It was the programme that finally answered a question which had troubled the finest scientific minds for decades: "Just what does Flash Gordon's arch-enemy Ming the Merciless do when he's not busy destroying planets and conquering galaxies?"
Answer: He checks his phone messages, does a spot of hoovering, makes a cup of tea and watches some television, Teletubbies mostly. Oh, and recuperates in hospital after a little slip on the bathroom mat temporarily puts him out of action.
It was the programme that introduced us to the brutal realities of the natural world, where herds of wild jockeys are stalked and attacked by that most lethal of predators, The Artist Formerly Known As Prince.
It was the programme that pitted funk queen Chaka Khan, sheriff of West Gulch, Wyoming, in a blood-spattered western-movie shootout against murderous outlaws The Bee Gees, who she held responsible for the deaths of Herbie Hancock, Al Jarreau and George Benson in the infamous "Sundown Studios Massacre".
It was, in case you haven't figured it out already, Big Train, the brilliantly surreal, wildly funny comedy sketch show written by Father Ted partnership Graham Linehan and Arthur Mathews.
It's been 10 years since Big Train last shunted across our screens. Linehan and Mathews apparently wrote it as a stopgap between Ted and their next planned sitcom, which turned out to be the disappointing Hippies.
Yet, in spite of running for just two series on BBC2 between 1998 and 2002 (the second written by Mathews alone), Big Train left an indelible impression on anyone who watched it.
It also helped launch the careers of an impressive list of performers: Simon Pegg, Kevin Eldon, Julia Davis, Amelia Bulmore, Mark Heap, Nick Frost, Rebecca Front, Tracy-Ann Oberman and Catherine Tate. Any comedy producer today would give an arm to have a talent pool like that.
The trouble was, however, that not nearly enough people watched Big Train. Why it never developed the kind of following it deserved -- and it certainly deserved more than the tedious Little Britain, which stretched to four series and a live arena tour on the strength of a handful of catchphrases -- is one of the great television mysteries. Maybe it was a question of timing.
The Fast Show, for which Linehan and Mathews created the marvellous 'Ralph and Ted' sketches, had ended less than a year before Big Train rolled on to BBC2, so perhaps audiences had had their fill of sketch shows for the time being.
Despite its failure to click with a mass audience, Big Train holds up brilliantly after a decade. Other than the youthfulness of some of the faces (Pegg looks about 15), there's nothing at all to date it. The sketches are so fresh and funny they could have made last week. Because the first series was shot on 35mm film and the second on high-grade DigiBeta video, which provided film-stock quality at a lower cost, Big Train also looks fabulous.
But don't take my word for it. There's a huge selection of sketches available on YouTube, while both series are available in a DVD boxset. Hop aboard, you'll enjoy the ride.
>drama divide "Why do British TV dramas fail to match the imports?" wondered a journalist in a British broadsheet this week.
Gosh, that's a tough one. Let's see: America gave the world Homeland, starring Claire Danes, Damian Lewis and Morena Baccarin; Britain gave the world Spooks, starring Peter Firth and assorted lumps of teak in suits.
America gave us cop shows like The Wire and The Shield; Britain gave us The Bill and Midsomer Murders. America gave us the historical dramas Deadwood and Boardwalk Empire; Britain gave us Lark Rise to Candelford and Call the Midwife. Do you think there might be a clue buried in there?
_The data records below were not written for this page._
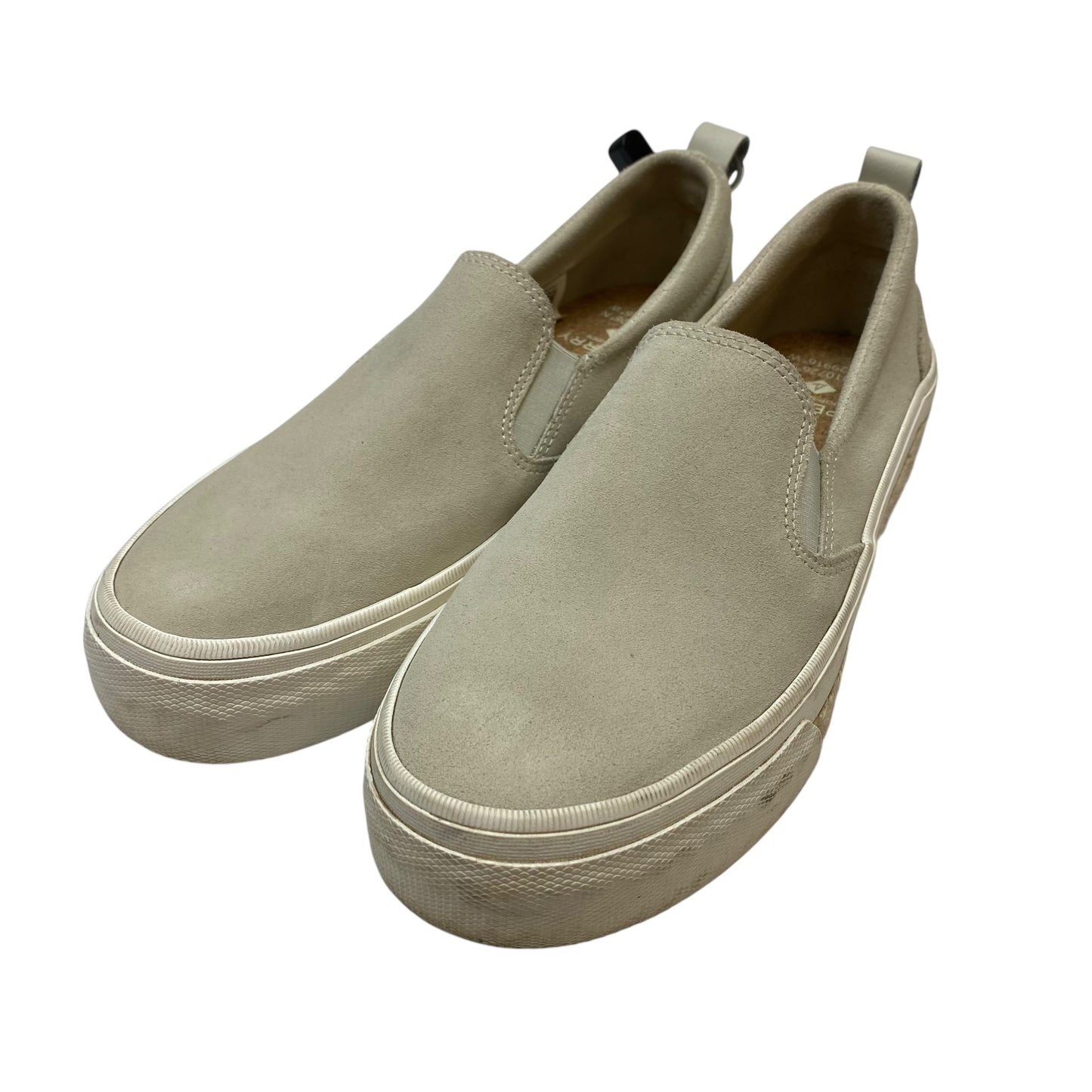 Shoes Flats By Sperry In Tan, Size:9.5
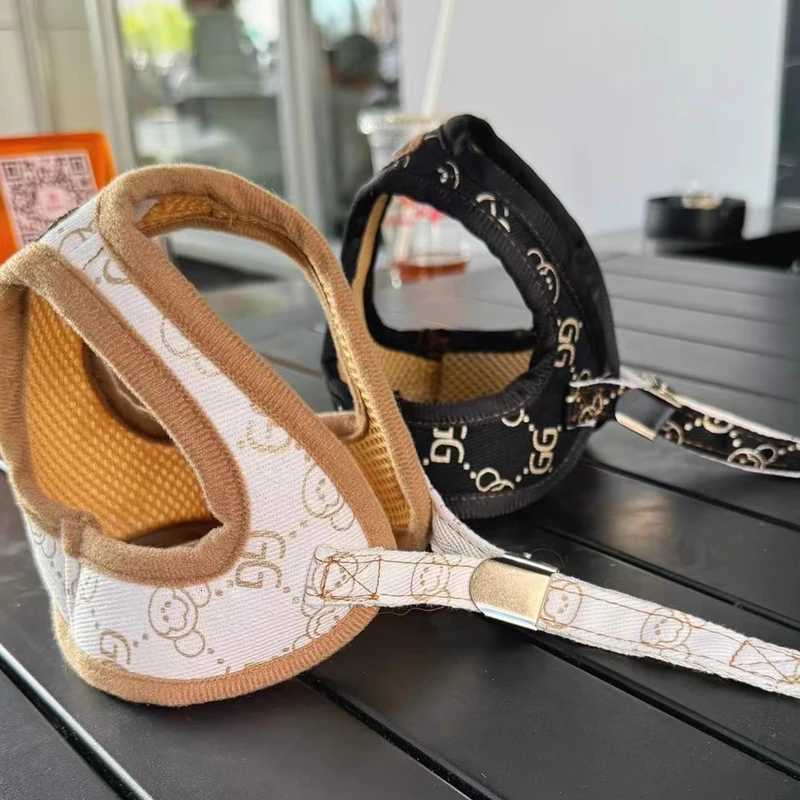 Black Khaki Dog Harness Vest And Leash Set Luxury Pet Chest Strap Walking Lead Collar Vest For Puppy Animal Schnauzer Chihuahua M251213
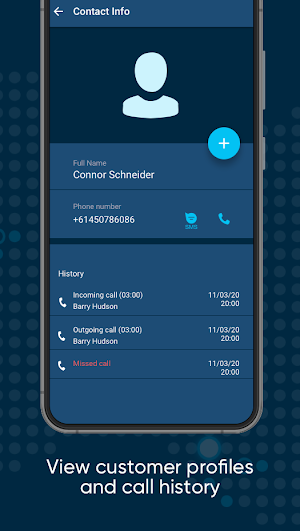 Vonex Softphone Screenshot 3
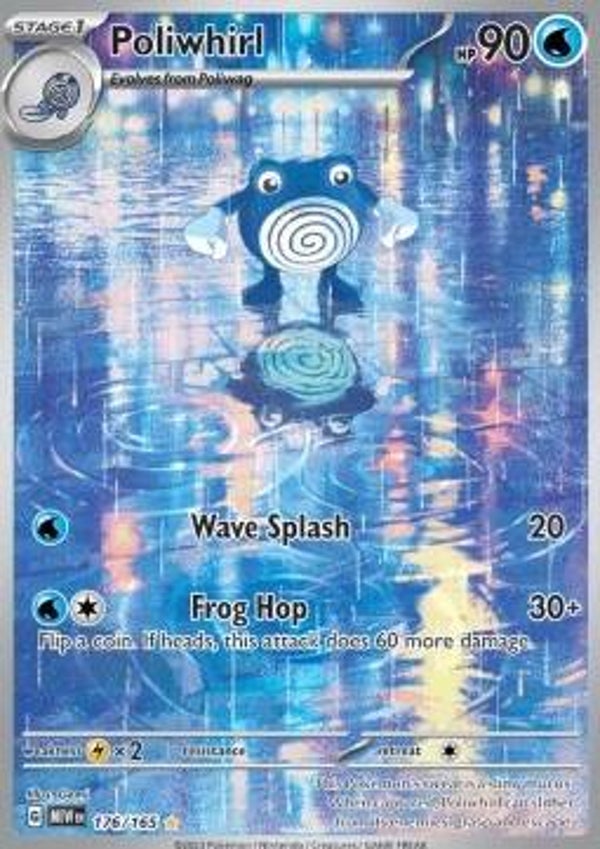 151 - #176 - Poliwhirl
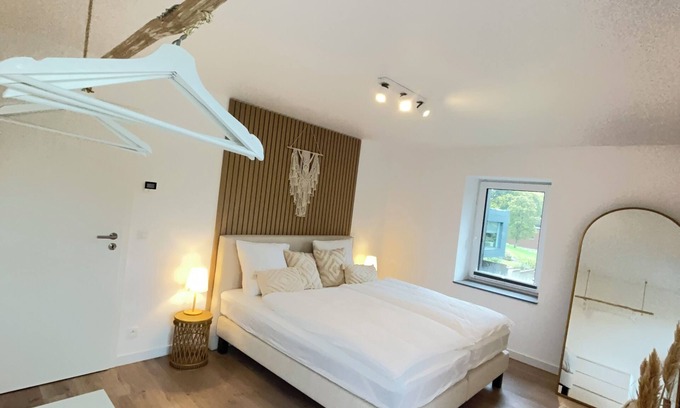 Heppenbach Apartment | Have fun with the whole family in this stylish accommodation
>nostalgia overload Various excuses have been offered for the failure of the BBC1's remake of Upstairs Downstairs, which has been axed. So far cited are the low ratings (4.5m viewers); the perception that it was a cash-in on Downtown Abbey (even though it was planned before the latter hit screens), and the loss of stars and co-creators Jean Marsh (through illness) and Eileen Atkins. What hasn't been mentioned is the danger of trading too heavily on nostalgia. It can't be coincidence that BBC1's Young James Herriot, a prequel to, All Creatures Great and Small, is not being renewed either.
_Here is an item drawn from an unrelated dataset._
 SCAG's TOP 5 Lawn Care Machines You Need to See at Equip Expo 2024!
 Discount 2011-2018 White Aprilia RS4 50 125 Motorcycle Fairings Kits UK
>OVER tHE MOON There's been a rumbling in certain critical quarters that The Savage Eye, which finished its third series this week, has lost its focus. Can't say I agree. This week's silent movie about what Henry Ford's cars might have looked like if he'd been born in Ireland was positively Milliganesque in its brilliance. If it's topical political satire rather than surreal comic lunacy you're looking for, might I suggest Oireachtas Report?